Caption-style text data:
Segment Open

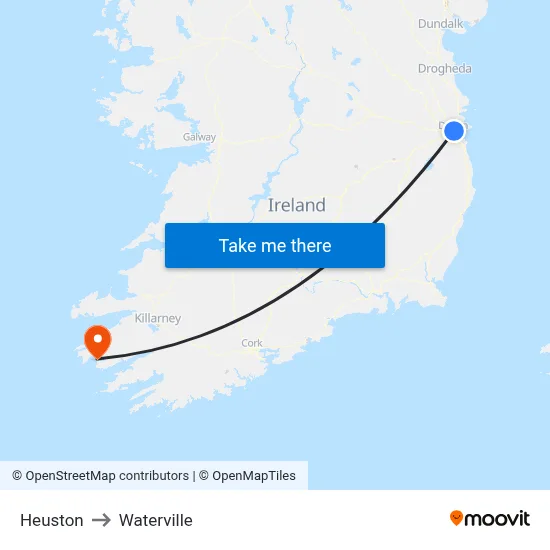 Heuston to Waterville map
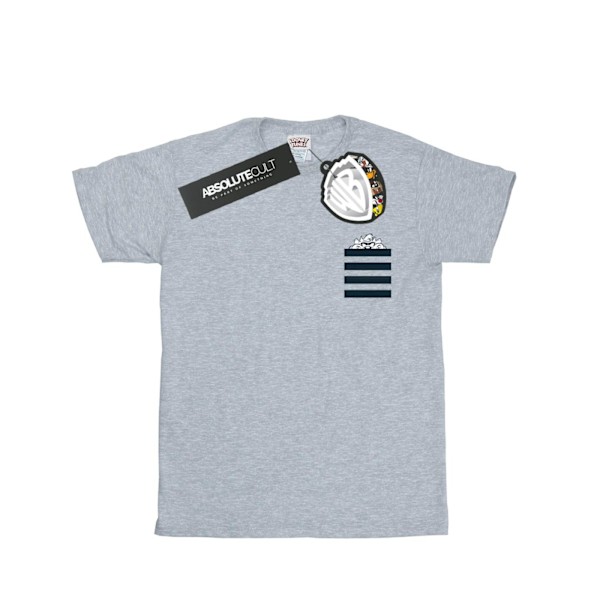 Looney Tunes Taz Stripes Faux Pocket T-shirt M Sports Grey Sports Grey M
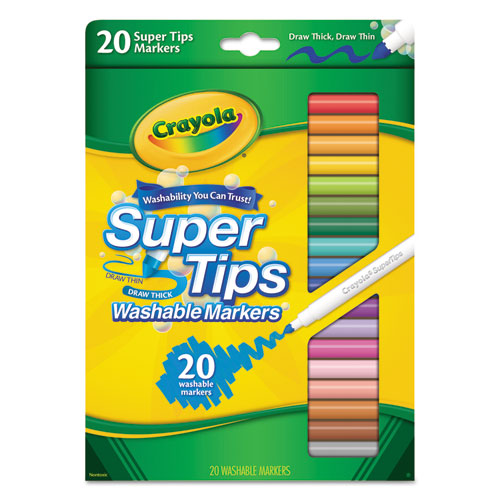 Washable Super Tips Markers, Fine/broad Bullet Tips, Assorted Colors, 20/set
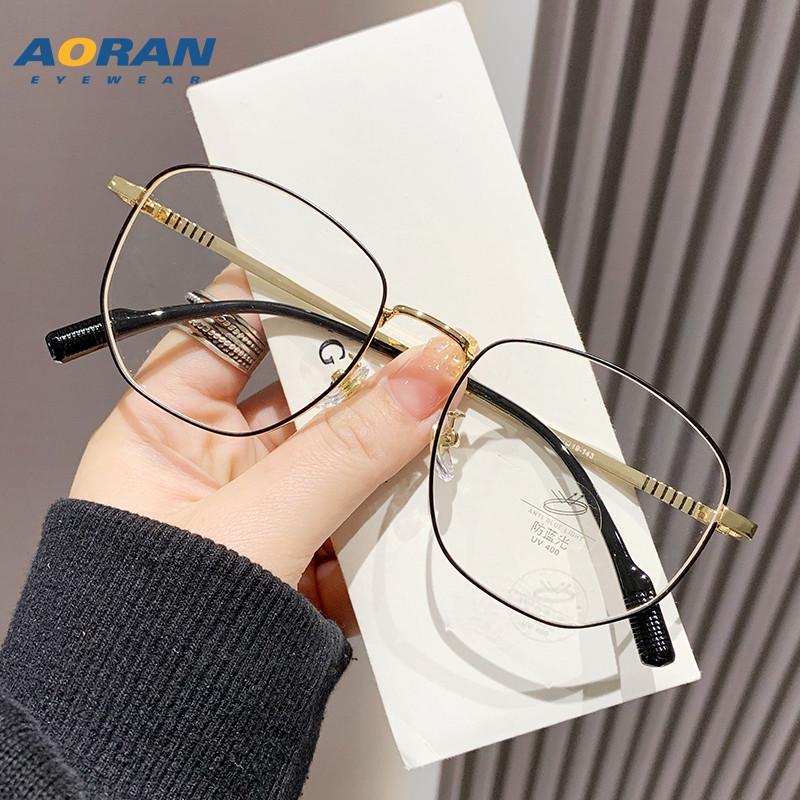 Men's Flat Light Polygon Eyeglass Frame, Enhances Facial Appearance, Women's Glasses with Myopia and Blue Light Protection.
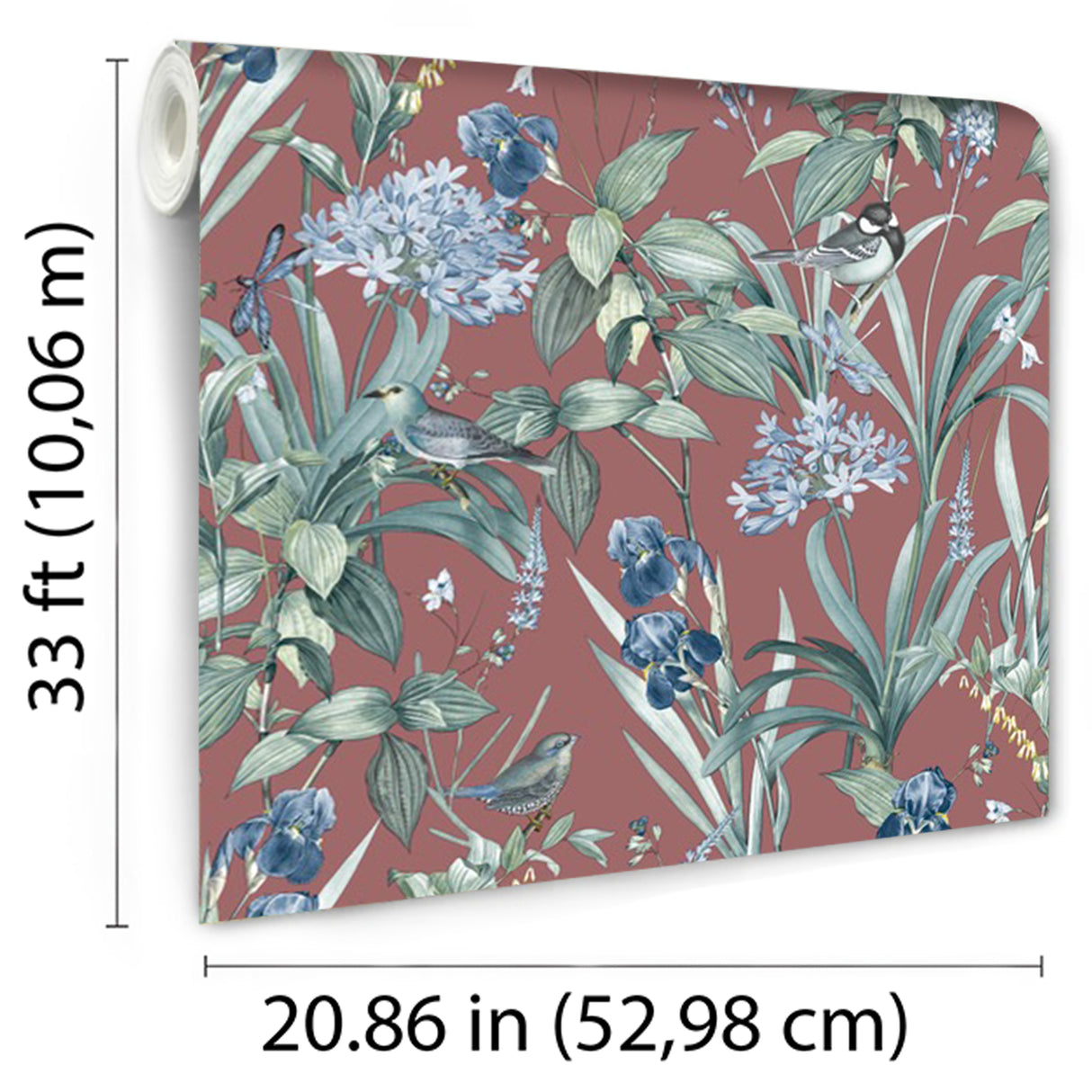 Mint Birds and Dragonflies Red by Veer Decor Botanical Wallpaper – Veer Decor VRBT10-746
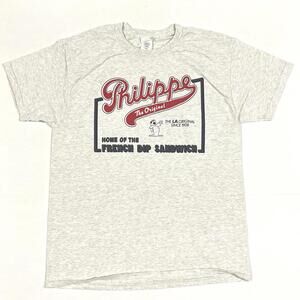 PHILIPPE HOME OF THE FRENCH DIP LOS ANGELES T SHIRT Sz L Heather Gray Read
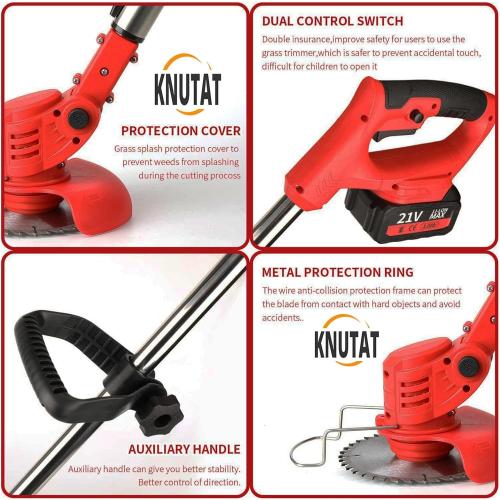 Cordless String Stringless Trimmer 24v Weed Wacker Electric Grass Trimmer Edger Height Adjustable Low Noise Brush Cutter Weed Grass Cutter Kit for Grass Trimming/Edging Lawn and Garden Care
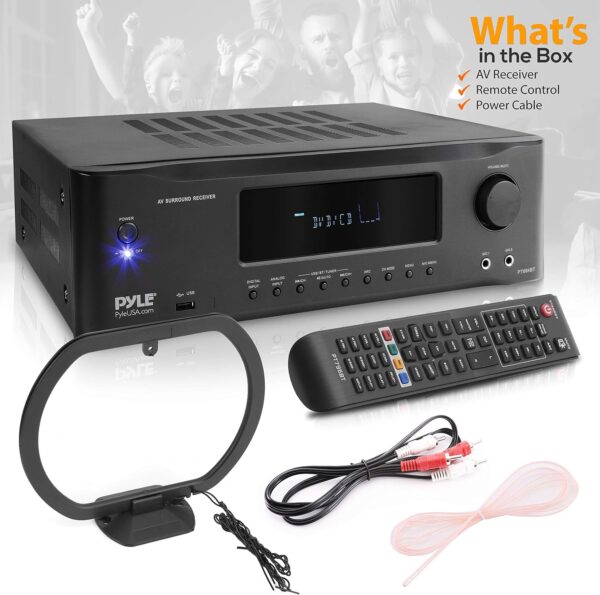 Pyle 7.1-Channel Hi-Fi Bluetooth Stereo Amplifier - 2000 Watt AV Home Theater Speaker Subwoofer Surround Sound Receiver w/ Radio, USB, RCA, HDMI, MIC IN, Supports 4K UHD TV, 3D, Blu-Ray - PT796BT - Image 8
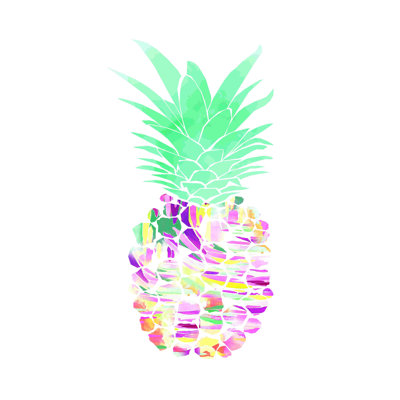 Pineapple Vibrant Abstract - Art textuel sur toile tendue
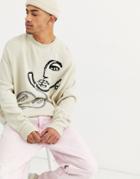 Asos Design Knitted Sweater With Hand Drawn Design - Beige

Segment Closed

Activity:
Write the lines from the line containing "Mint Birds and" through the last line of the data out again exactly, and only those lines; pictures stay out.

Response:
 Mint Birds and Dragonflies Red by Veer Decor Botanical Wallpaper – Veer Decor VRBT10-746
 PHILIPPE HOME OF THE FRENCH DIP LOS ANGELES T SHIRT Sz L Heather Gray Read
 Cordless String Stringless Trimmer 24v Weed Wacker Electric Grass Trimmer Edger Height Adjustable Low Noise Brush Cutter Weed Grass Cutter Kit for Grass Trimming/Edging Lawn and Garden Care
 Pyle 7.1-Channel Hi-Fi Bluetooth Stereo Amplifier - 2000 Watt AV Home Theater Speaker Subwoofer Surround Sound Receiver w/ Radio, USB, RCA, HDMI, MIC IN, Supports 4K UHD TV, 3D, Blu-Ray - PT796BT - Image 8
 Pineapple Vibrant Abstract - Art textuel sur toile tendue
 Asos Design Knitted Sweater With Hand Drawn Design - Beige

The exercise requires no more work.